- _DATA FOR REVIEW_
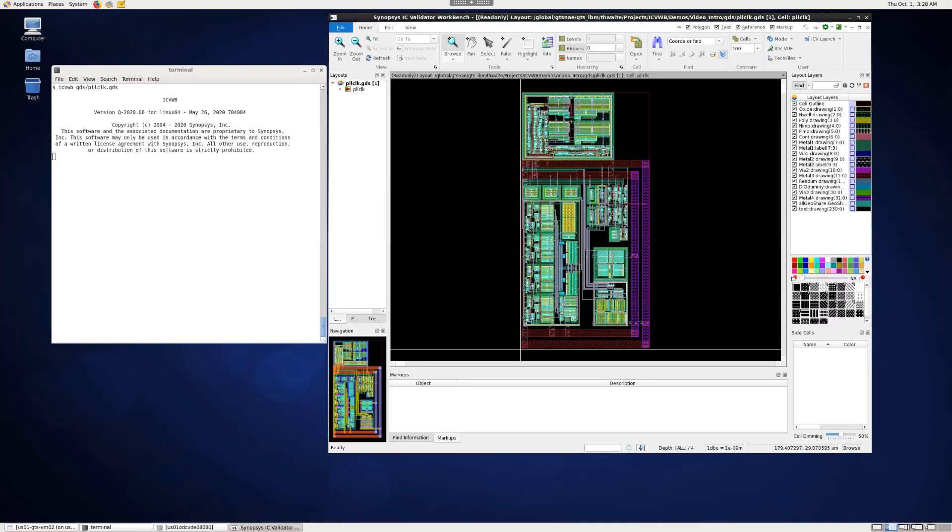After clicking OK, we have the layer names loaded and they are configured according to the Virtuoso display file.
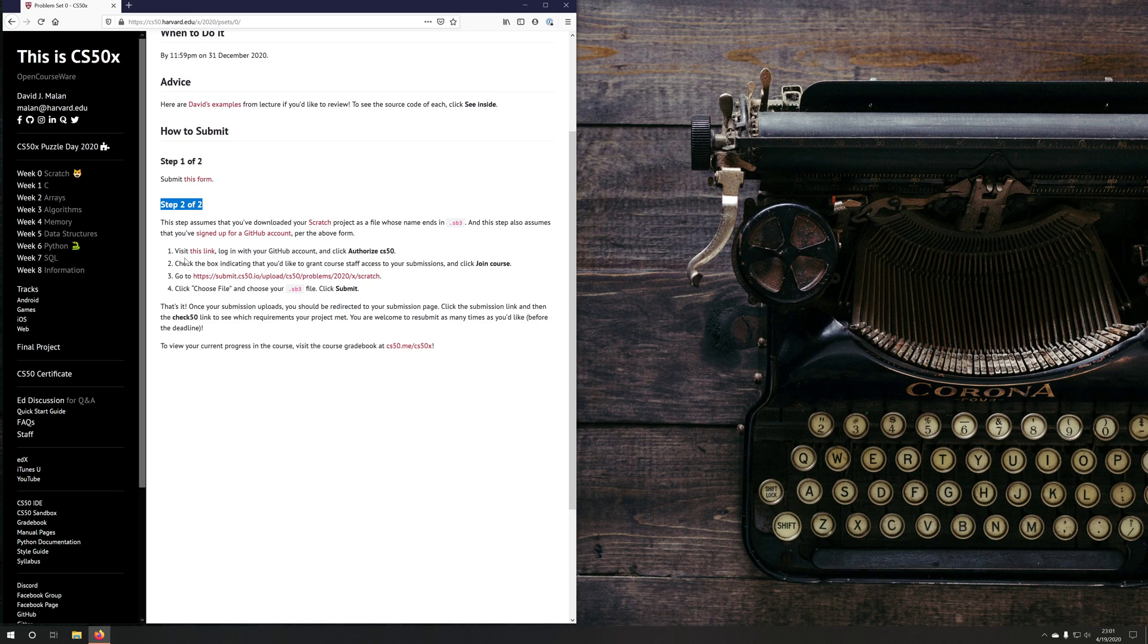Under step two of two, you will see that it has some prerequisite instructions that you should follow. The first of which you should have signed up for a GitHub account.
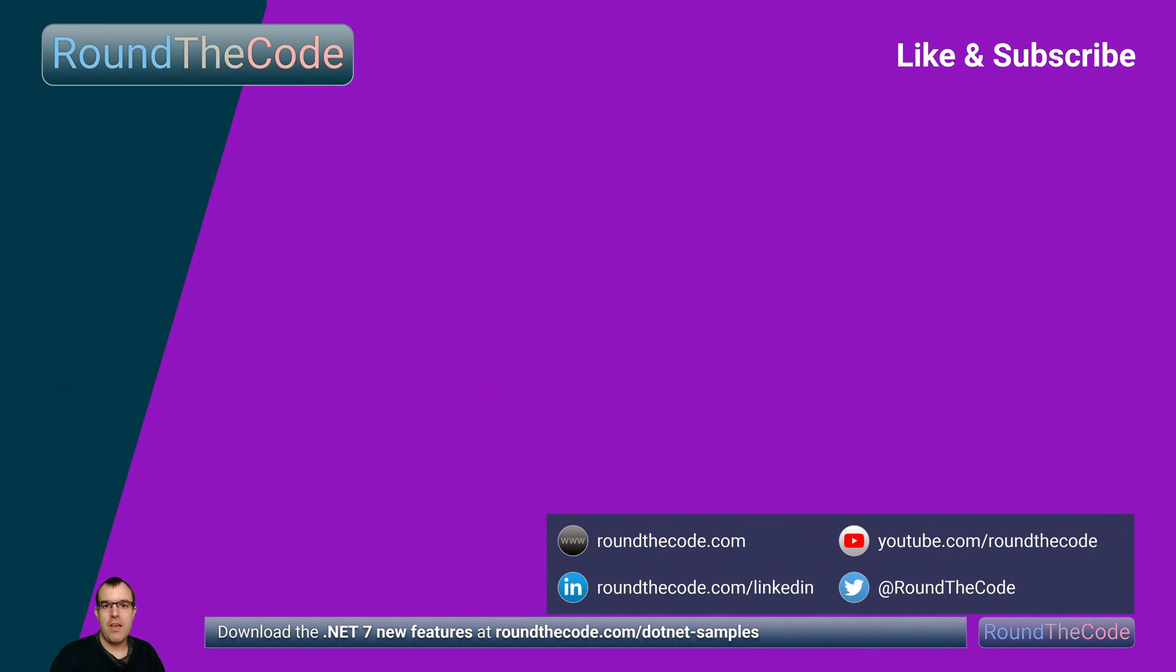To try out the .NET 7 features covered in this video, go to roundthecode.com/.NET-samples. Thanks very much for watching and hit a like on the video.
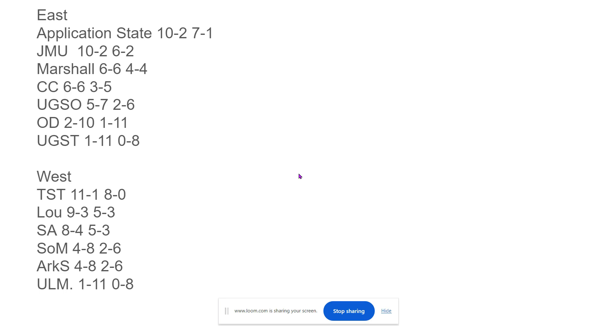South Alabama is really close to Pensacola, right down there in Mobile. Each location should be able to get lots of NIL down there, but I have them going 8-4. And then Southern Miss, I have 4-8, Arkansas State 4-8, and Louisiana Monroe 4-8.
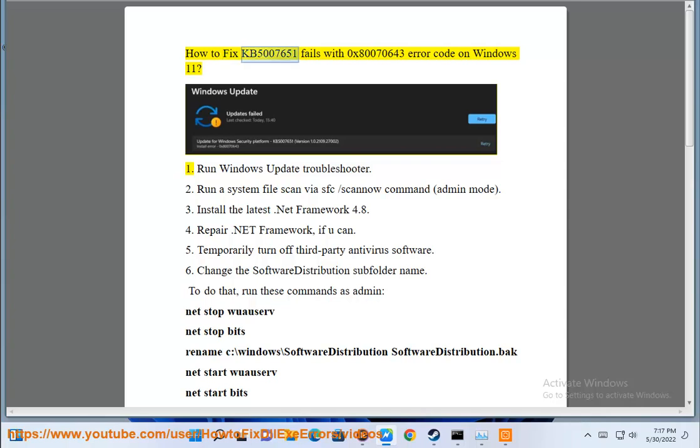How to fix KB5007651 fails with 0x80070643 error code on Windows 11.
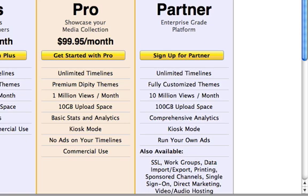You'll be able to run your own ads and will have priority phone support. A number of other partner services are listed on this page, such as data import/export capabilities and timeline printing.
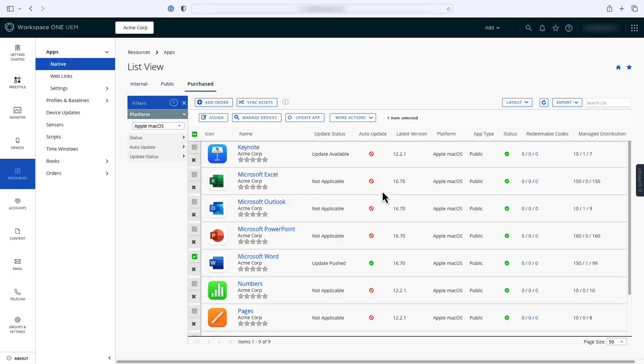You also have the option to update the app manually if you want more granular control over when and what updates are pushed to your devices. Just select the app and click the Update App button.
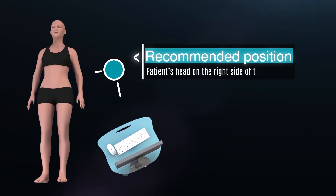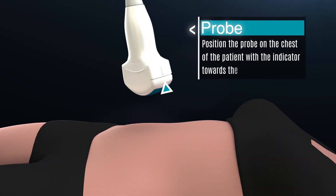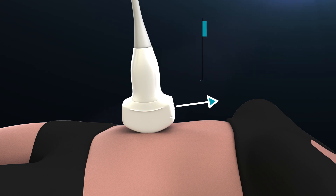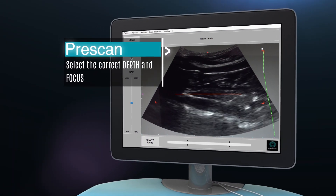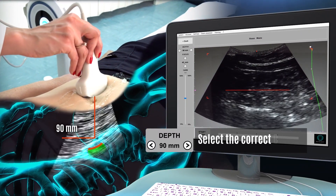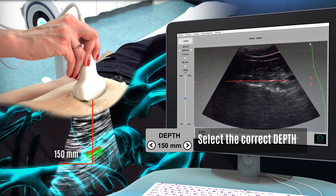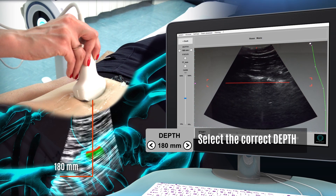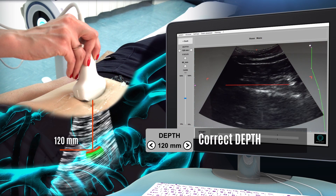Position the probe on the abdomen parallel to the spine's plane with the indicator towards the patient's face. Make a pre-scan to set the correct depth and focus. Select the depth by using the left and right tabs or by clicking on the left and right buttons on the ECOS Studio interface. Select a depth to have the bone interface of each vertebra in the center of the echographic field of view.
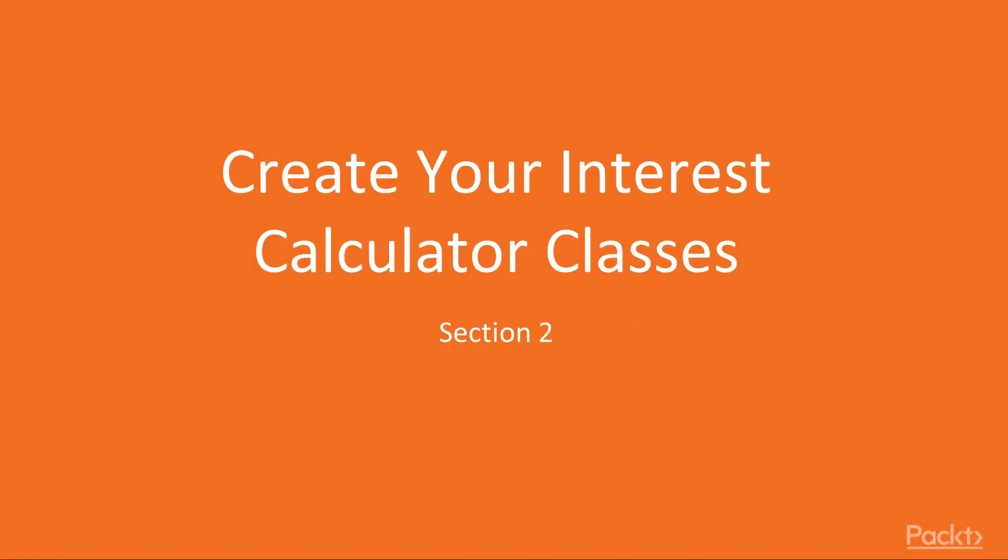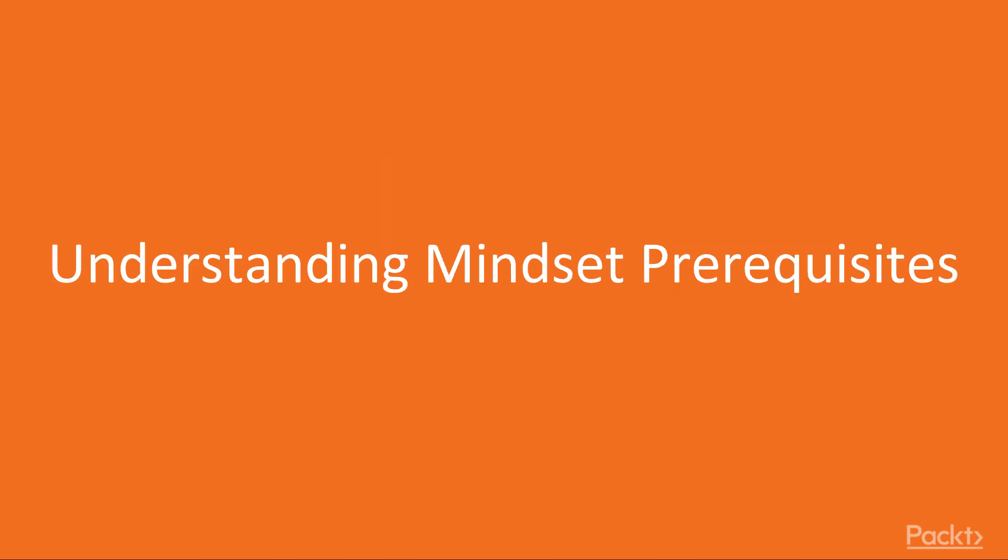Welcome to Section 2, Create Your Interest Calculator, and video number one. We're going to understand all the mindset prerequisites.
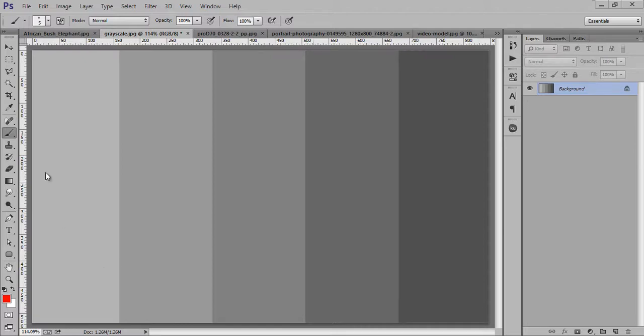Suppose this is my image. Basically, contrast is the difference between the black point and white point, or you can say the difference between the darker and the bright points.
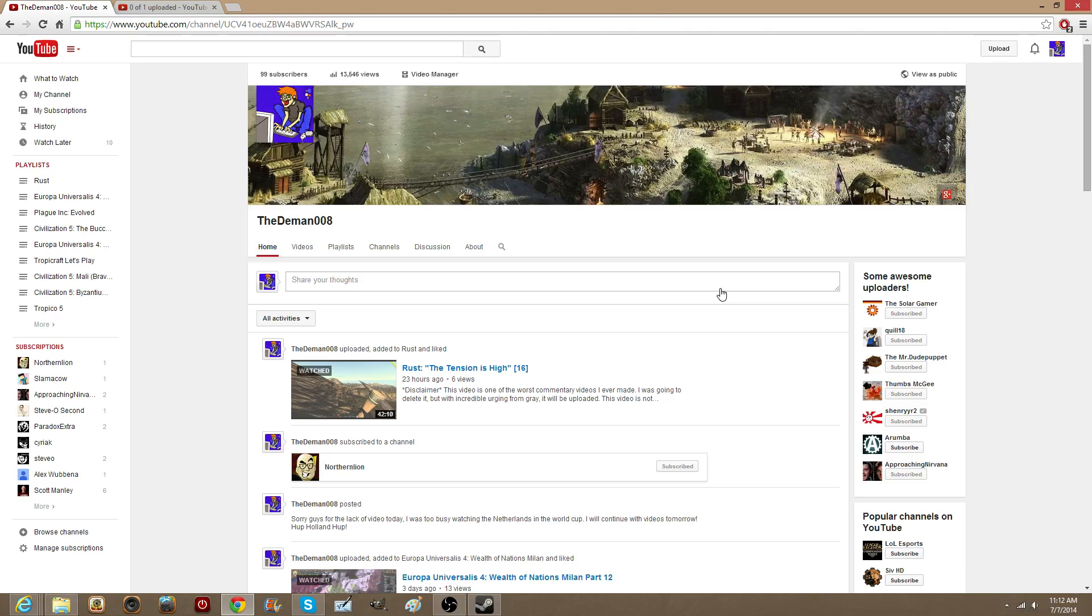As well as me and Grey, the moment multiplayer comes out, we're going to do Don't Starve. So that's another thing we could do, that's another thing we are going to do.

- _EXERCISE AIM_
Print exactly what appears from the first line of the listing above down to the line containing "Position the probe", inclusive, and leave out all pictures.

- _RESULT OF THE TASK_
After clicking OK, we have the layer names loaded and they are configured according to the Virtuoso display file.
Under step two of two, you will see that it has some prerequisite instructions that you should follow. The first of which you should have signed up for a GitHub account.
To try out the .NET 7 features covered in this video, go to roundthecode.com/.NET-samples. Thanks very much for watching and hit a like on the video.
South Alabama is really close to Pensacola, right down there in Mobile. Each location should be able to get lots of NIL down there, but I have them going 8-4. And then Southern Miss, I have 4-8, Arkansas State 4-8, and Louisiana Monroe 4-8.
How to fix KB5007651 fails with 0x80070643 error code on Windows 11.
You'll be able to run your own ads and will have priority phone support. A number of other partner services are listed on this page, such as data import/export capabilities and timeline printing.
You also have the option to update the app manually if you want more granular control over when and what updates are pushed to your devices. Just select the app and click the Update App button.
Position the probe on the abdomen parallel to the spine's plane with the indicator towards the patient's face. Make a pre-scan to set the correct depth and focus. Select the depth by using the left and right tabs or by clicking on the left and right buttons on the ECOS Studio interface. Select a depth to have the bone interface of each vertebra in the center of the echographic field of view.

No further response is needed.